Nobody expected the £40 billion FCA and PSA merger to be simple, but tensions are rising as the long engagement moves towards marriage in 2021, compounded inevitably by the pandemic, Italian government support to keep FCA afloat in recent months and the clashing-and-sometimes-competing interests of stakeholders.
Even before the madness of Covid-19, the proposed merger was the subject of deep scrutiny, spearheaded by concerns that the new entity would take too much of the market. Surprisingly, however, the European Union’s attention has now fallen not on the prospect of forging what would be the world’s fourth-largest car maker by volume, but on its potential grip on the commercial vehicle market.
Car-mad readers might raise an eyebrow at that, but FCA and PSA sold 775,000 trucks and vans between them last year, equating to a 34% stronghold on a market that’s increasingly competitive and, thanks to the gig economy and door-delivery boom, lucrative.
A few years ago, we heard that Ford of Europe’s only profitable vehicles were “SUVs and vans”. The dials have since moved, but there’s still a truth to that – so much so that a significant part of PSA’s turnaround in recent years was funded by commercial vehicles. Cutting off the arm that builds them to satisfy competition watchdogs is thus deeply unappealing.
Nor is it the end of it. The devil in the detail extends from PSA having to offload its stake in parts supplier Faurecia to FCA selling off its Comau robotics business – complexities to overcome still, yet those paled into insignificance by the threat of a voice piping up from the back of the room just as the nuptials are being agreed.
The metaphorical jilted lover comes in the form of FCA shareholders who are expecting a £5bn dividend once the merger is done.

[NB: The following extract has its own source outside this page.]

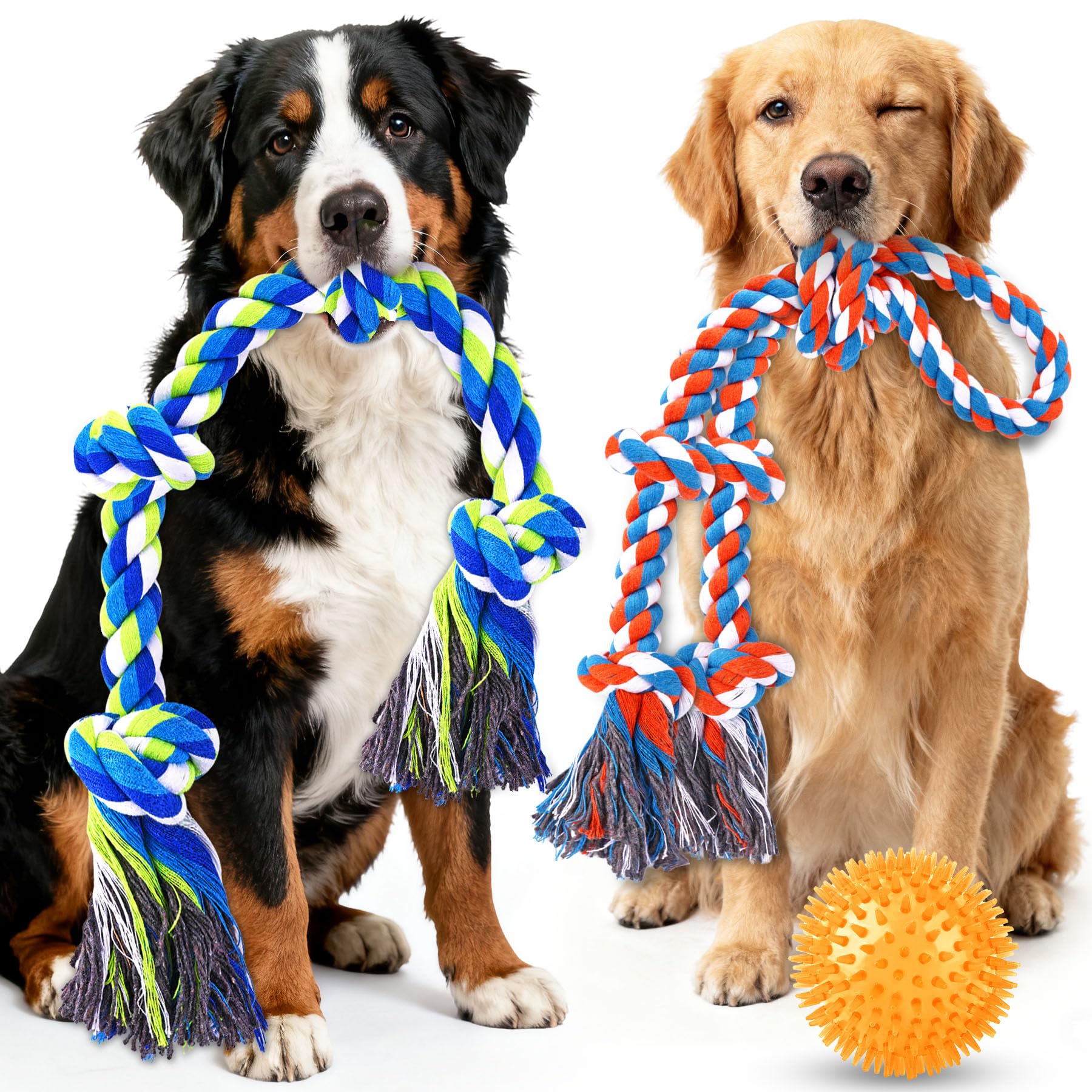 Tough Dog Rope Toys for Aggressive Chewers, Tough Tug of War Dog Toys for Large, Medium & Small Dogs – 5 Pack Including 2 Ropes & 3 Supplies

All fair enough, given the value exchange, but there are growing doubts as to how it will be paid – especially as the optics of making a few people very rich are spectacularly awkward when Italian taxpayers have just given £5.7bn to FCA as part of that government-approved bailout.
One way out is to offload assets to raise the funds, so that the company is seen to pay its way. Could it be that the mega-merger of the decade, conceived to give all parties strength in depth into the future, could instead lead to arguably the car industry’s two biggest underachievers, Alfa Romeo and Maserati, being sold off? And who’s to say that, if they find a benevolent owner and finally have their potential tapped, they won’t be the biggest winners of the merry-go-round anyway?